Home > Designer Interviews > Tom Chan & Melanie Man

Editor Frank Scott (FS) from DesignPRWire has interviewed designer Tom Chan & Melanie Man (TCMM) for A’ Design Award and Competition. You can access the full profile of Tom Chan & Melanie Man by clicking here.

Interview with Tom Chan & Melanie Man at Saturday 2nd of May 2020
Tom Chan & Melanie Man
FS: Could you please tell us more about your art and design background? What made you become an artist/designer? Have you always wanted to be a designer?
TCMM: I've been a self-taught graphics designer for 15 years now. I would like to say I've always loved creating eye-candy, and that's somehow true, but more specifically, teenager me used to browse razorart.com (now defunct), then deviantart and drool over the works by the masters there. I thought if one day I can make something of those calibre I would be a very happy guy!

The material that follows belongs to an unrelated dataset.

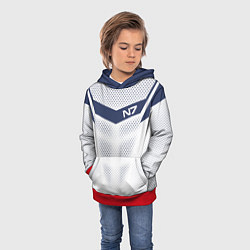 Толстовка-худи детская N7: White Armor, цвет: 3D-красный — фото 2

FS: Can you tell us more about your company / design studio?
TCMM: hazuto Ltd is a design-focused company that I set up to execute on ideas that I think people will share love for. I'm also blessed to have Melanie, my wife, on board as the marketing guru. Maybe it sounds cliche, but we want to deliver products that is truly meticulously designed, deliberated, and work that is done from the heart. Secondly most important is to have fun!

FS: What is "design" for you?
TCMM: Wow there are many answers for me. I agree with many that design is a solution to a problem. Something has to work well to be good design. In particular, the person using it should use it with ease and the product should make his life easier. A better design should provoke attractive emotions through visual appeal. Sometimes a design is good design because the user "just like it". A great design will continuously excite the user nearly every time he uses it, and make him look forward to using it, too. I think if a majority of people say something is a good design, it probably is. Ask me again in 10 years time and maybe my answers become completely different!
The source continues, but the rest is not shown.